Ces décisions dépendent aujourd’hui de la majorité gouvernementale qui émergera d’une représentation nationale éclatée entre quatre partis principaux, les deux partis de gouvernements traditionnels, PP et PSOE, ne pouvant à eux seuls former un gouvernement, faute de disposer d’une majorité absolue. Mais aucun des deux ne peut non plus obtenir cette majorité absolue en s’alliant seulement avec son partenaire le plus proche idéologiquement : l’ultra gauche de Podemos pour le PSOE, le centre droit de Ciudadanos pour le PP. Voire même PSOE et Ciudadanos au sein d’une alliance démocrate chrétienne moins clivante qu’avec le PP. Pour faire simple, l’Espagne découvre aujourd’hui les charmes de la IVème République dont la France se débarrassa en entrant dans la Vème avec la Constitution de 1958 qui instaura le système majoritaire à deux tours, injuste en ce qu’il implique une sous représentation des partis minoritaires, mais garant de stabilité en favorisant la confection de majorités de gouvernement.
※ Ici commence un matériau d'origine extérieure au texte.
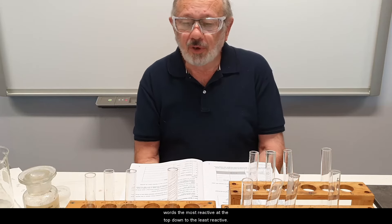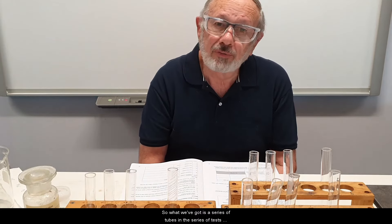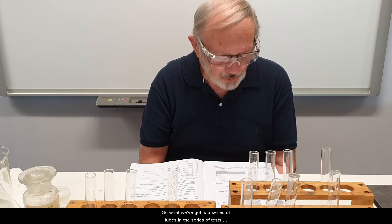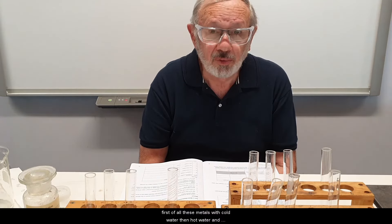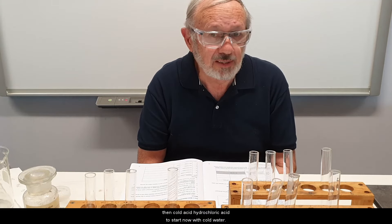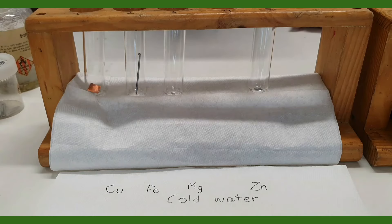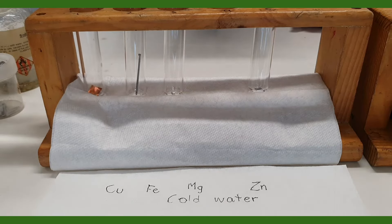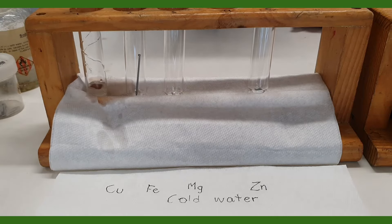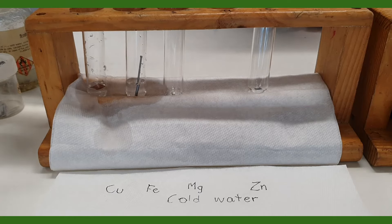We have a series of test tubes and a series of tests. First of all we'll test these metals with cold water, then hot water, and then cold hydrochloric acid. So we're going to start now with cold water. We have here our four metals — copper — and we'll just add a little bit of cold water — and our iron and the zinc.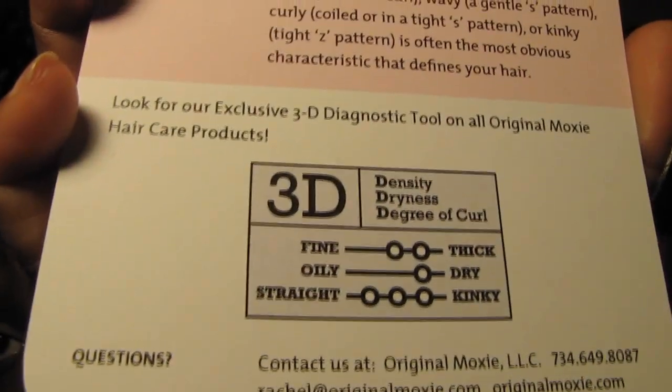If you're curious about what you're putting in your hair, this information is really helpful. There is a chart Original Moxie uses called the 3D Revolution — that stands for Density, Dryness, and Degree of Curl. A lot of natural hair women are confused about curl patterns and hair typing, but it's fairly easy to identify whether your hair is fine or thick, dry or oily, or straight to kinky. All of this information is also on their website, originalmoxie.com.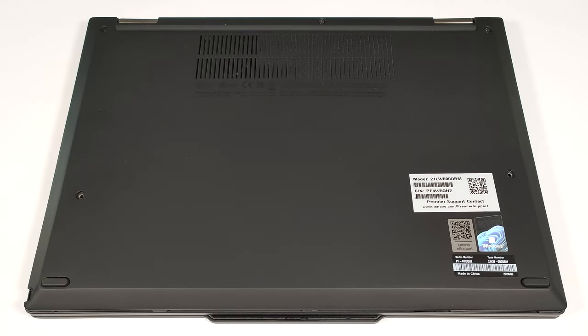Hello, this is Nick from Laptop Media, and today we will show you how to open the Lenovo ThinkPad X13 2-in-1 Gen 5.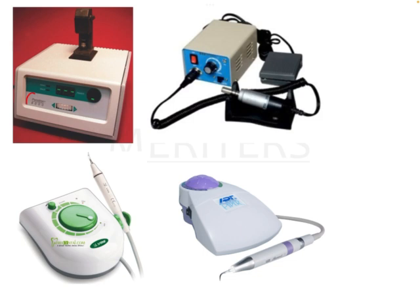This is what a periotron looks like — it has the slot here for the paper strip. This is a micromotor with a handpiece; the handpiece is missing and the slot is for the handpiece. This is an ultrasonic scaler and this is a piezoscaler. These images are for reference so that if a similar question is asked, you can have a pictorial memory of this explanation.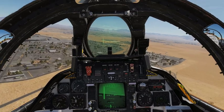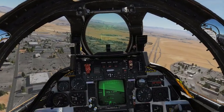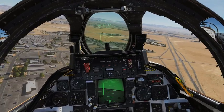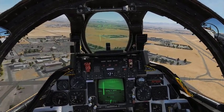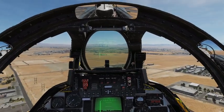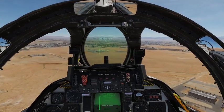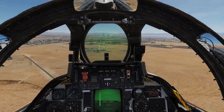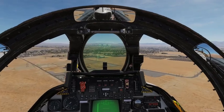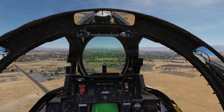First of all, what we need to do is fly at about 400 knots at 800 feet above ground level. That's 2,600 feet MSL here in Las Vegas. I'm doing about 350-400 knots, which is perfect.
Une IVème République célèbre pour son instabilité politique qui faisait la part belle aux petits partis souvent nécessaires pour boucler des majorités parfois hétéroclites.
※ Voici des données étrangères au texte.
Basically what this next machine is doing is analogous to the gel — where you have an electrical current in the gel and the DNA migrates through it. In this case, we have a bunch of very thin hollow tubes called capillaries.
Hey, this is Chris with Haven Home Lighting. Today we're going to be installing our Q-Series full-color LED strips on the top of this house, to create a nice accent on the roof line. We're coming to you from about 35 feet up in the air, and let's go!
Depuis que les élections municipales, grâce à l’appui du PSOE, ont confié diverses grandes villes à l’ultra gauche dont Podemos a su catalyser l’émiettement traditionnel en une multitude de groupuscules inaudibles, les attaques n’ont pas manqué, et, à son habitude, le secteur taurin espagnol a répondu tard et en ordre dispersé. De même qu’en 2005, quand les velléités d’interdiction en Catalogne apparurent chez les indépendantistes les plus radicaux qui voyaient dans cette mesure un coup symbolique porté à la Nation, le secteur taurin a préféré faire le dos rond en espérant qu’il ne s’agissait que d’épiphénomènes isolés ne portant préjudice qu’au voisin. On sait aujourd’hui où l’autisme dont il fit preuve en 2005 face au glissement irrémédiable de la Catalogne nous a menés et il n’est pas inutile de rappeler qu’en France, à la même époque, c’est en prenant conscience de la gravité de la situation, que l’ONCT fut créé.
Ceci dit, à quoi peut-on s’attendre dans les prochains mois ? Au pire, si, comme il semble en avoir l’intention, le secrétaire général du PSOE se lance dans une alliance tous azimuts dans laquelle on retrouverait Podemos et Ciudadanos, mais aussi les partis indépendantistes basques et catalans, tous – sauf Ciudadanos – favorables à l’interdiction des corridas au nom du bien-être animal, une loi très restrictive n’est pas à exclure. Au mieux, pour lui et pour l’Espagne, le PSOE renoncerait à cette aventure dans laquelle il perdrait son âme, et accepterait plutôt le pacte de gouvernement que lui propose le PP, avec Ciudadanos, afin de faire face au risque de troubles graves que fait peser le procesus indépendantiste de la Catalogne sur le pays entier. En pareil cas, le statu quo actuel serait préservé. Jusqu’à quand ? Bien malin qui pourrait le dire, dans le contexte de grande instabilité idéologique qui exacerbe les confrontations et favorise le populisme.
Un populisme qui distille son poison dans les rues de Nîmes depuis deux jours et pour deux jours encore, où le radicalisme anti tout
compte bien se mettre en scène, à l'occasion du procès de Rodilhan qui pourrait réserver de juteuses surprises à l'audience.